The Center is engaged with the Department of Biomedical Engineering and Columbia Technology Ventures in implementing a large grant from the Coulter Foundation. This grant is structured to facilitate collaboration between clinicians with unmet needs and engineers with expertise in designing biologic and/or mechanical solutions to meet those unmet needs. In addition to the engineering support, the grant provides mentorship and advice from the business and investment communities to help faculty inventors develop and move the idea along the commercialization pathway.
Several projects initiated by surgeons in the past few years have resulted in various licensing agreements with companies and institutions. Other projects are in development and have received significant interest from investors or large companies. Examples of projects that are either licensed or in development include the following.
- Single port surgical robotic technology
- Insertable camera for minimally invasive surgery imaging
- Web-based education platform for medical education
- Ventricular assist device
- New construct for white-light based 3D imaging for surgery
- New stapling technology
- Improved technology for introducing pacemakers
- New, optical methods for sterilizing surgical wounds
In 2001 the Institute of Medicine (IOM) defined six important aspects of healthcare quality: Safe, Effective, Efficient, Timely, Patient-Centered, Equitable.

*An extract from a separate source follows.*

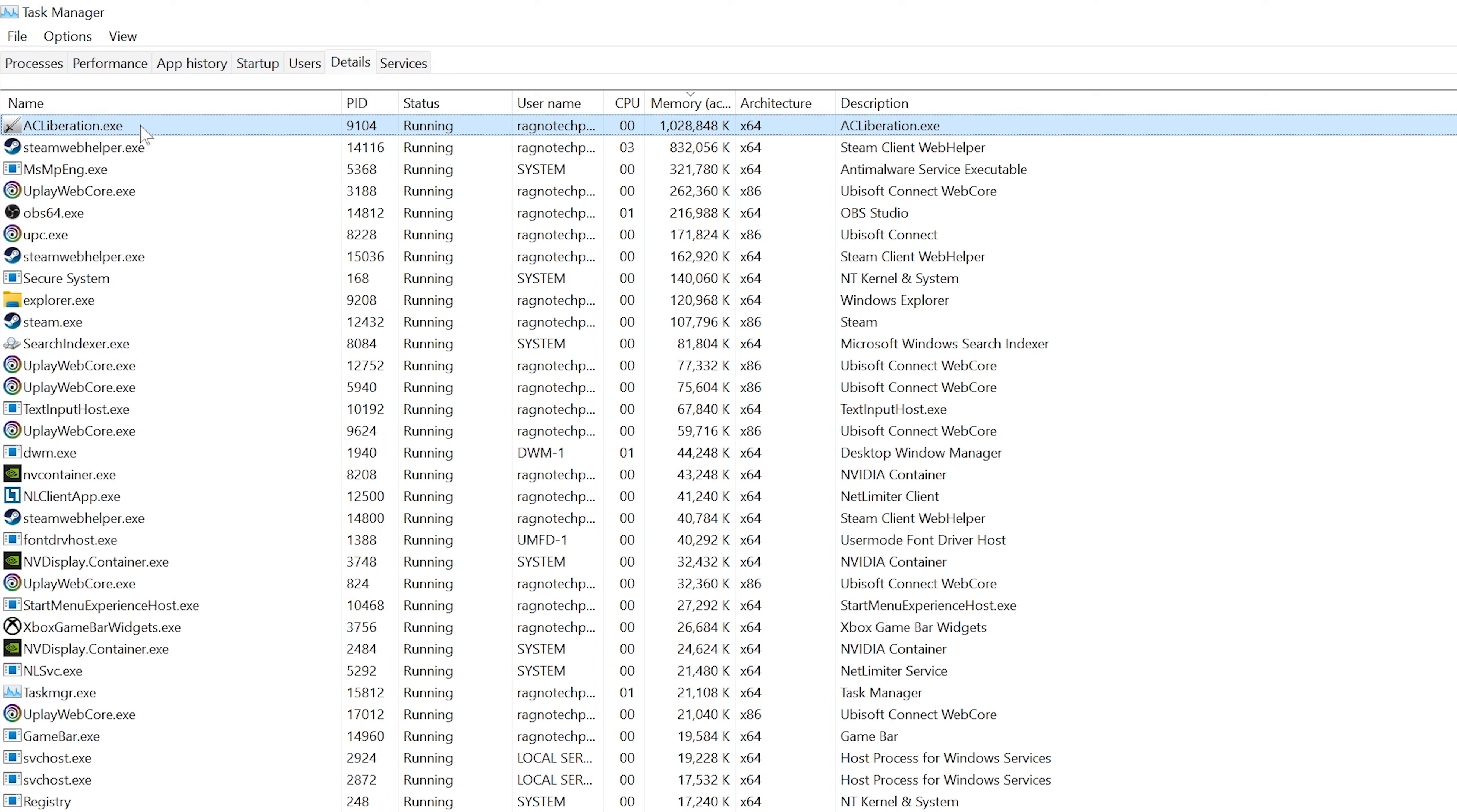This fix applies to several Assassin's Creed games, including Assassin's Creed 2, Assassin's Creed Brotherhood, Assassin's Creed Revelations, Assassin's Creed 3, Assassin's Creed Liberation HD, Assassin's Creed 3 Remastered, and Assassin's Creed 3 Liberation Remastered.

Since then, it has become imperative that investigators document and study outcomes other than just the effectiveness of care. In the discipline of surgery, it is now important to investigate not just the safety and effectiveness of surgery (measurement of complication rates), but the overall appropriateness of surgery. Following are examples of studies currently proposed and/or underway.
- Improved methods of ensuring that patients receive surgical care most consistent with their desires and beliefs.
- New methods for facilitating advanced care planning.
- New methods for facilitating truly informed consent for surgery.
- Development and testing of improved methods for assessing performance of surgeons in training.
- Identification of factors that predict adverse outcomes after various types of surgical procedures.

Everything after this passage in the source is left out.